Recorded data |

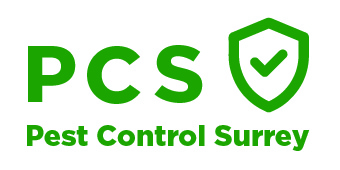 Pest Control Surrey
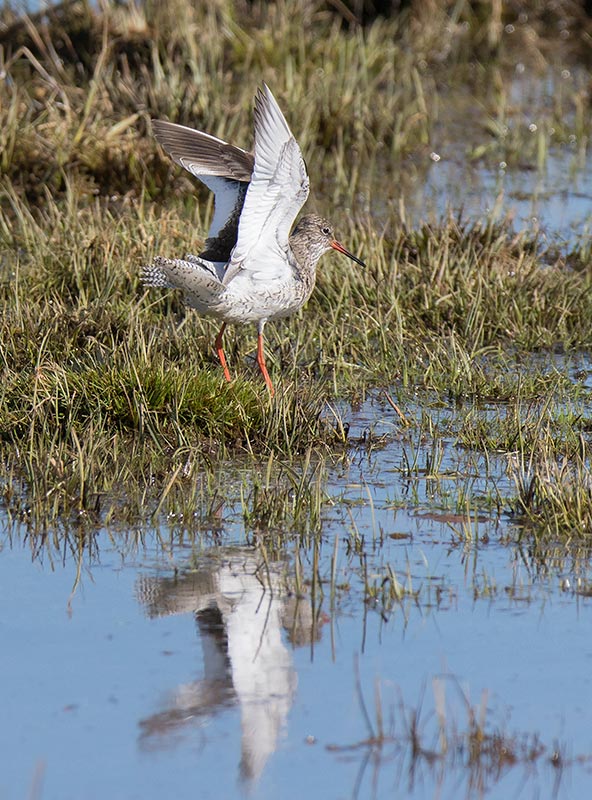 Common Redshank (Tringa totanus)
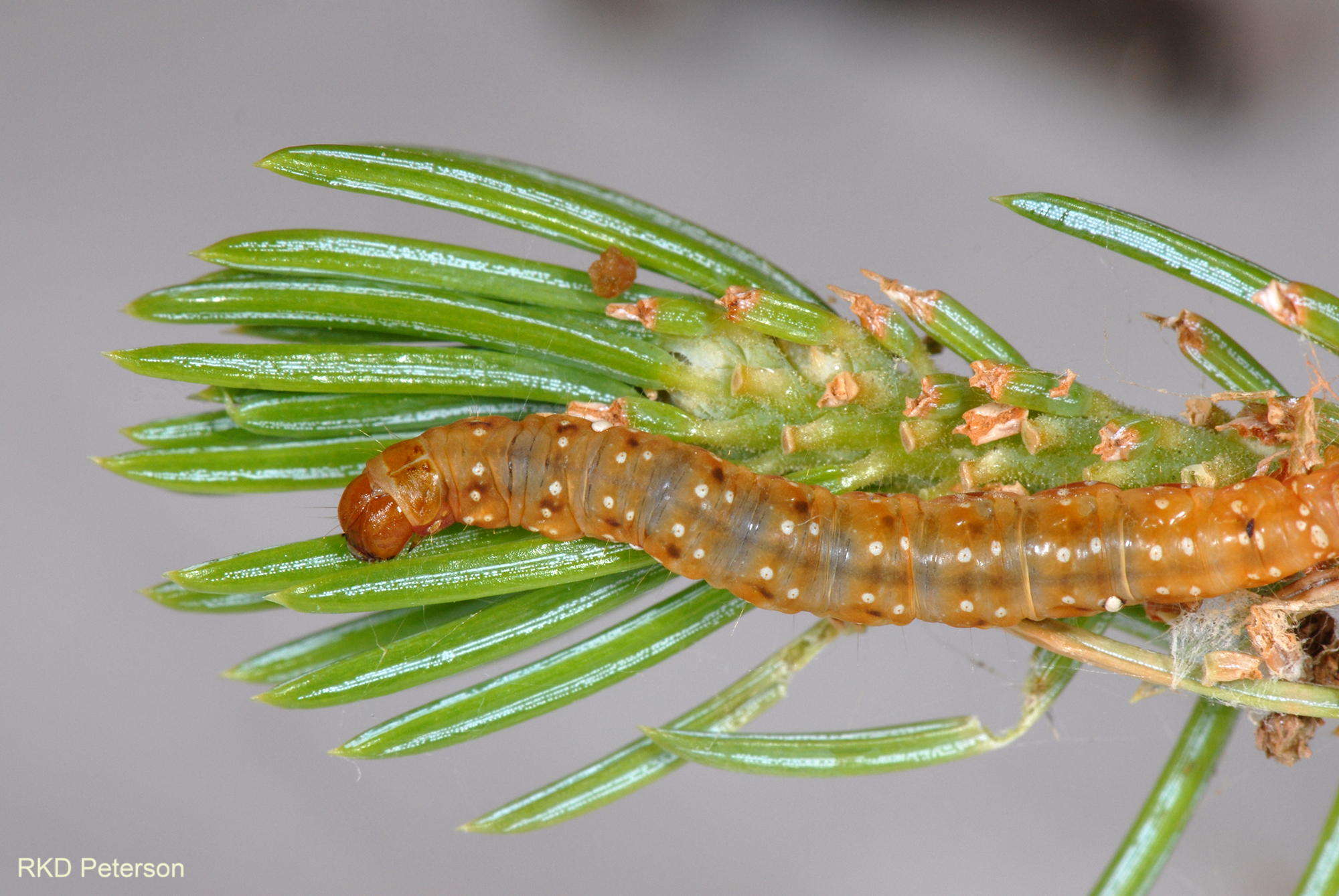 Choristoneura occidentalis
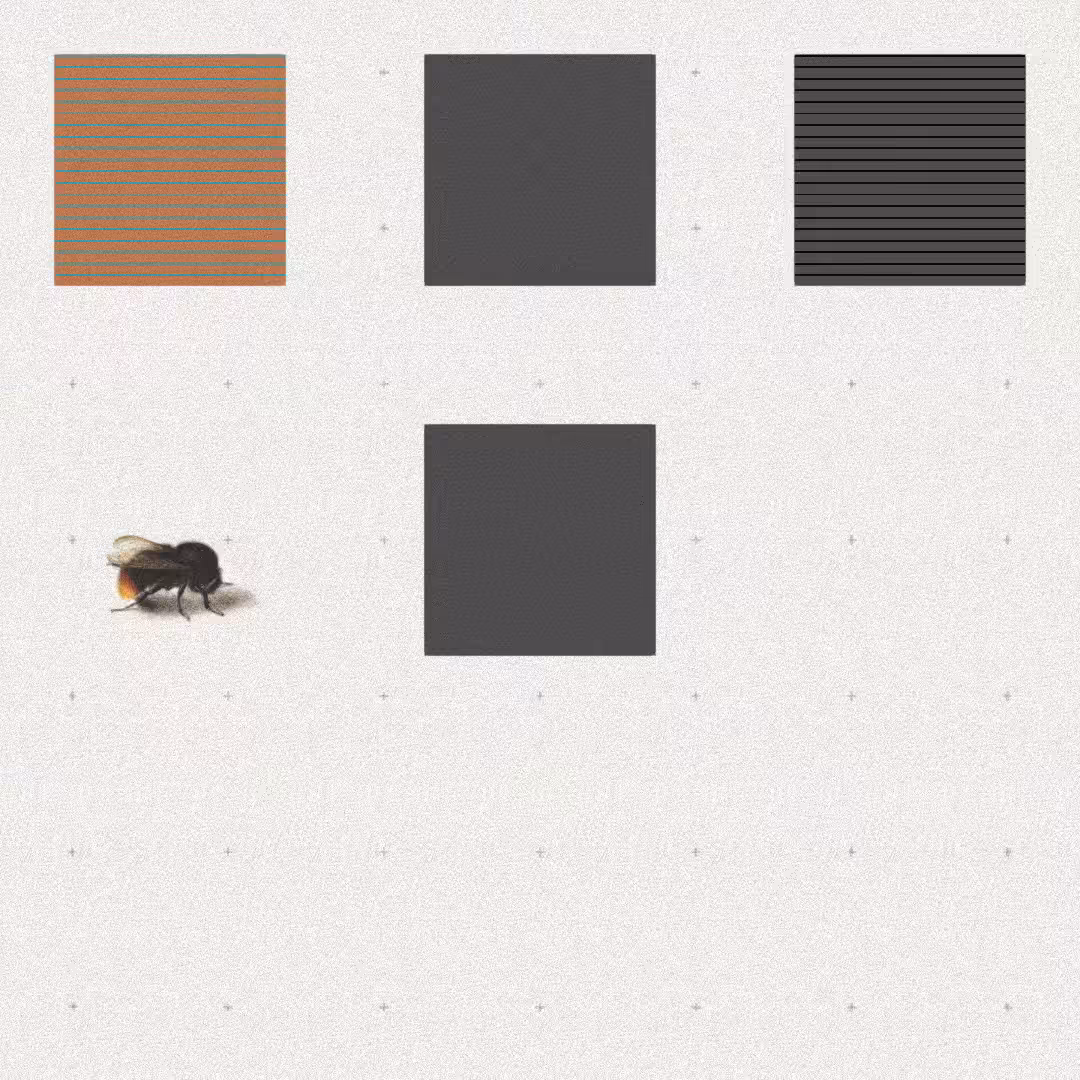 Bee #77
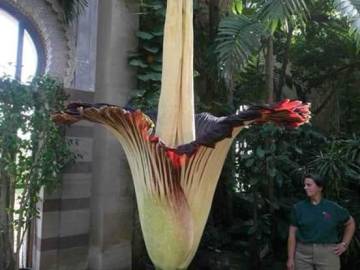 Image about Largest Flower Amorphophallus Titanum Blooms Every 40 Yrs
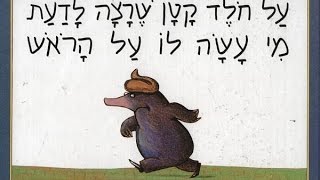 על חלד קטן שרצה לדעת מי עשה לו על הראש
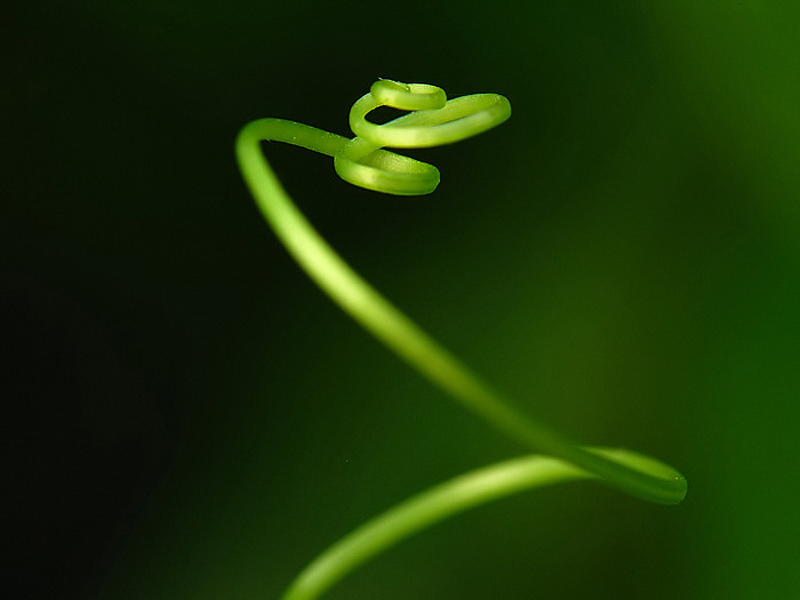 Serpent végétal
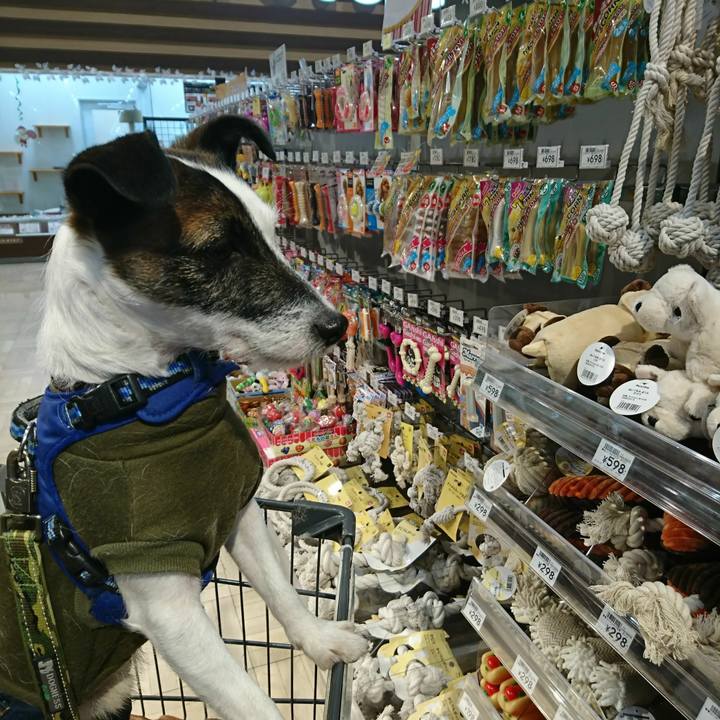 Bd26af2e cbd1 4ced 8e27 a91ccef00e9f 1513765166661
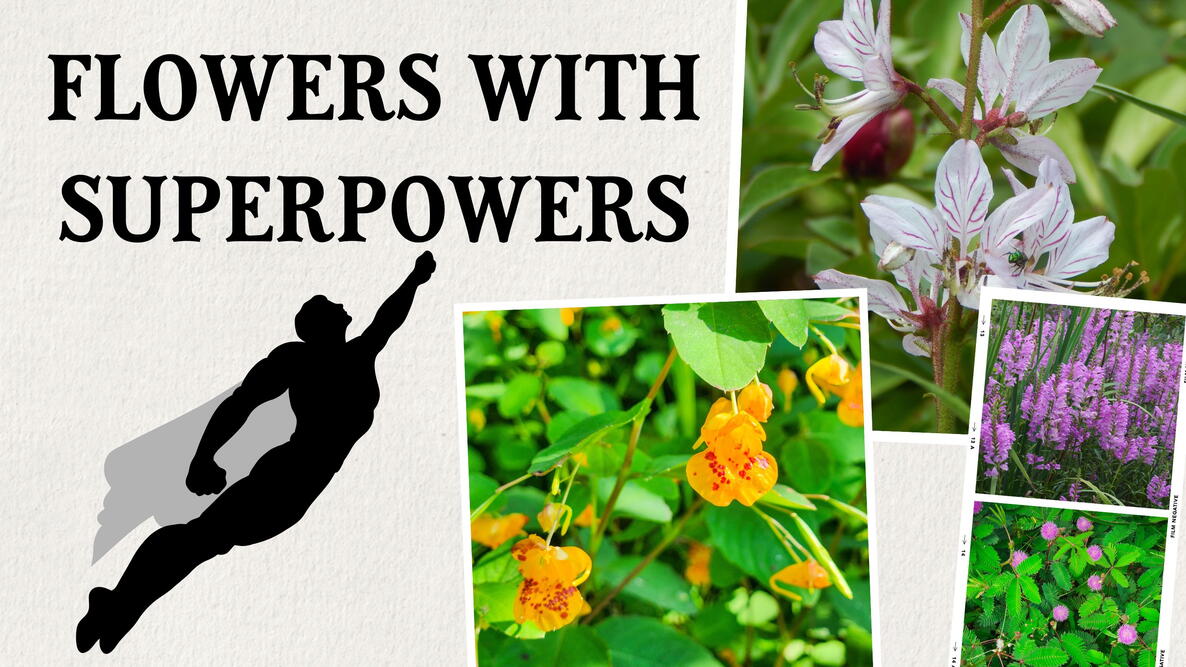 Flowers That Do Things: Nature’s Wildest Plant Tricks | The Old Farmer ...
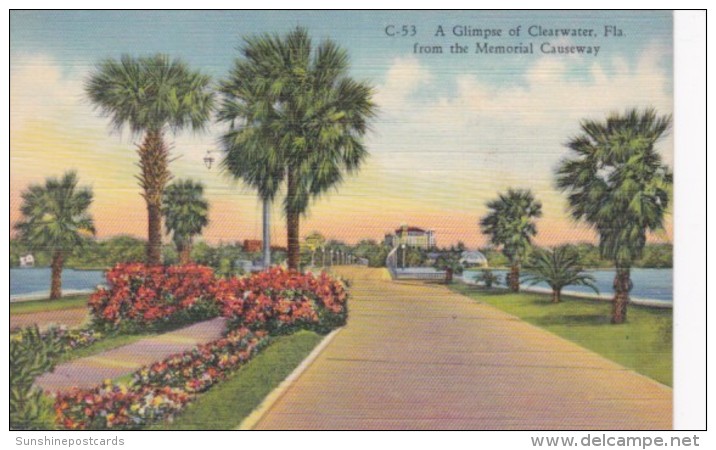 Florida Clearwater Glimpse Of Clearwater From Memorial Causeway 1959 Curteich - Clearwater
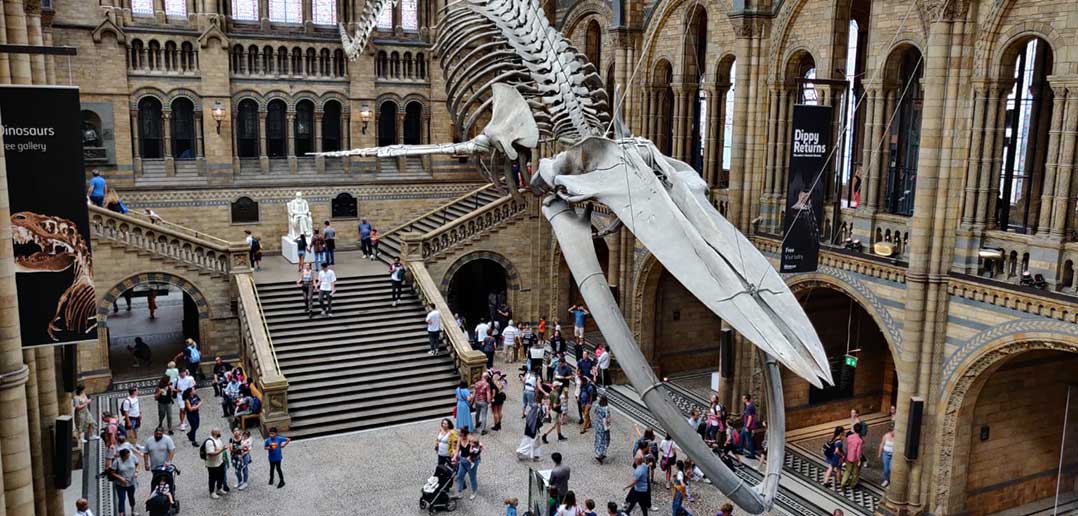 Museo Historia Natural Londres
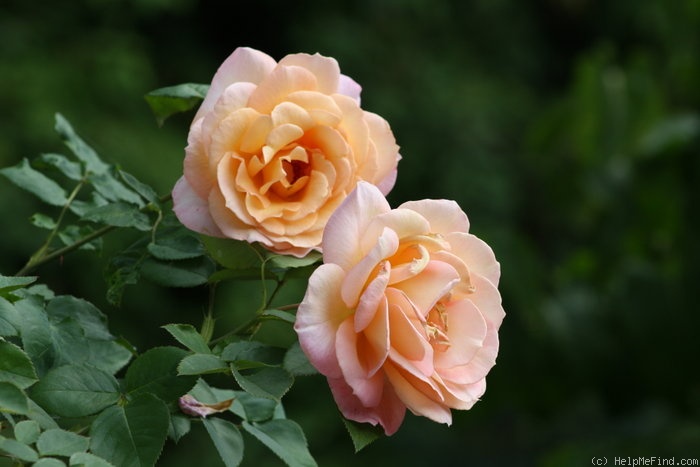 'Della Balfour (Large Flowered Climber, Harkness, 1994)' rose photo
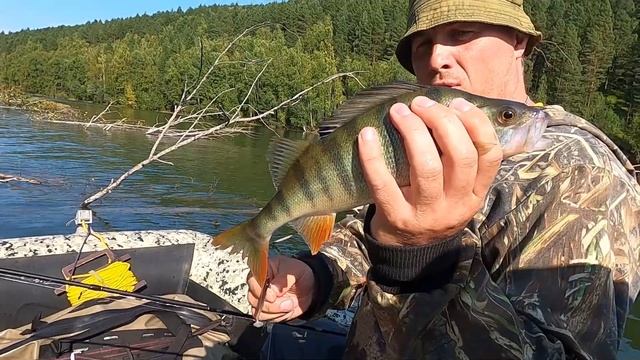 КРУПНЯК ПО ЖЕЛАНИЮ! Оторвались по клеву, Дербина после Богучан. Рыбалка на спиннинг смотреть онлайн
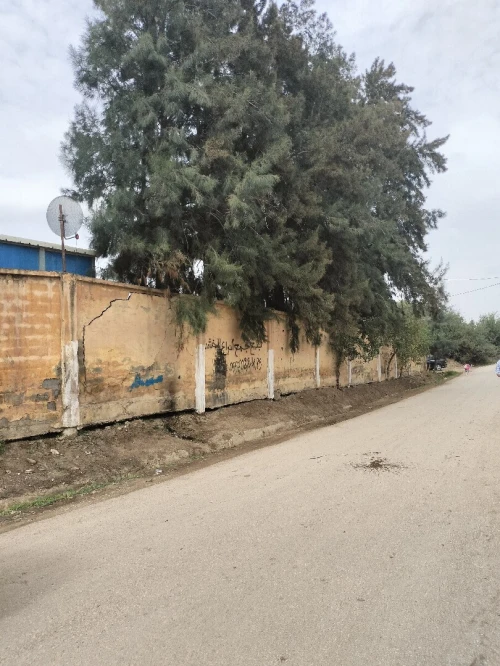 Vente Terrain Blida Bouinan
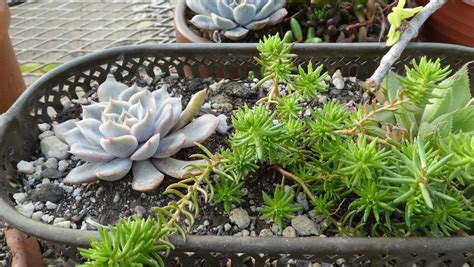 How To Grow Succulents From Cuttings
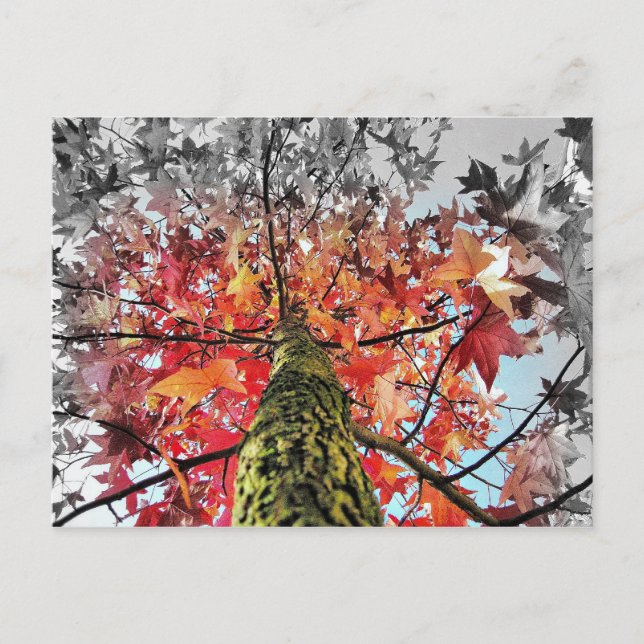 autumn leaves postcard (Front)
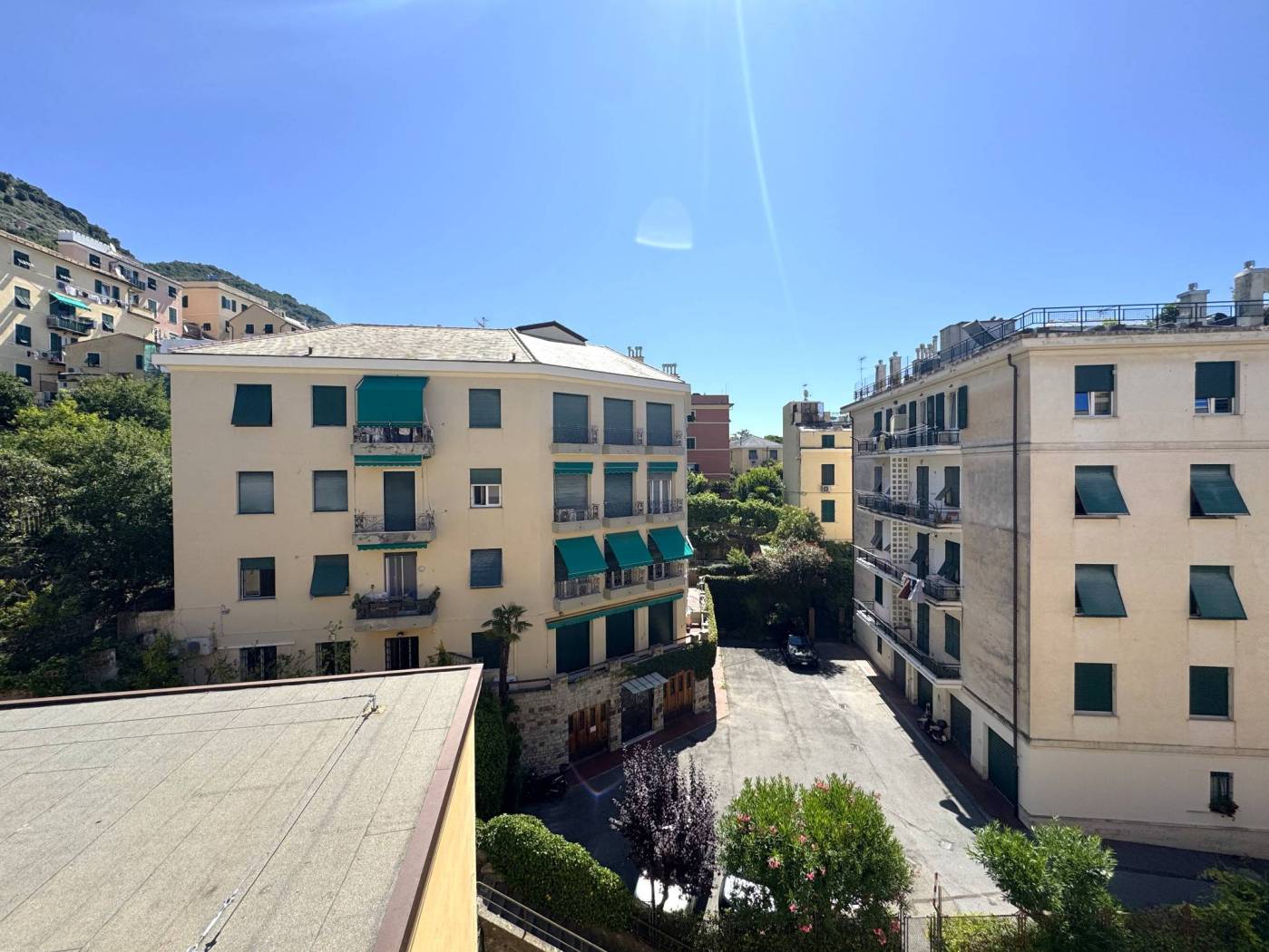 Vista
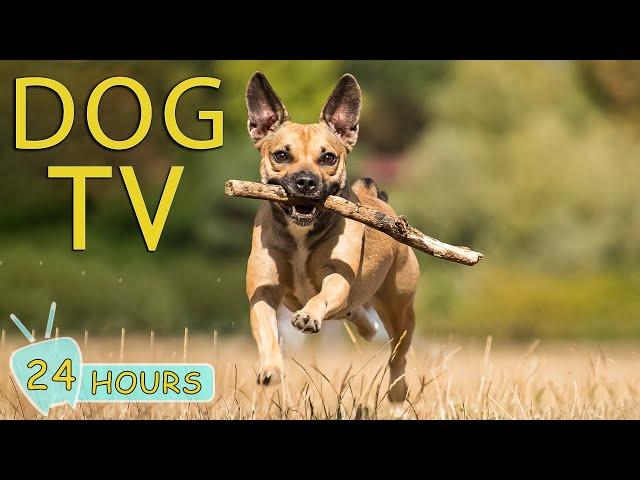 DOG TV: Videos for Dogs to Prevent Boredom When Home Alone - Collection Tunes to Relax for Dog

What is expected | Lines from the one with "Vente Terrain Blida Bouinan" through the final line of the records are the whole answer; print them exactly, minus any pictures.

Exercise answer |
 Vente Terrain Blida Bouinan
 How To Grow Succulents From Cuttings
 autumn leaves postcard (Front)
 Vista
 DOG TV: Videos for Dogs to Prevent Boredom When Home Alone - Collection Tunes to Relax for Dog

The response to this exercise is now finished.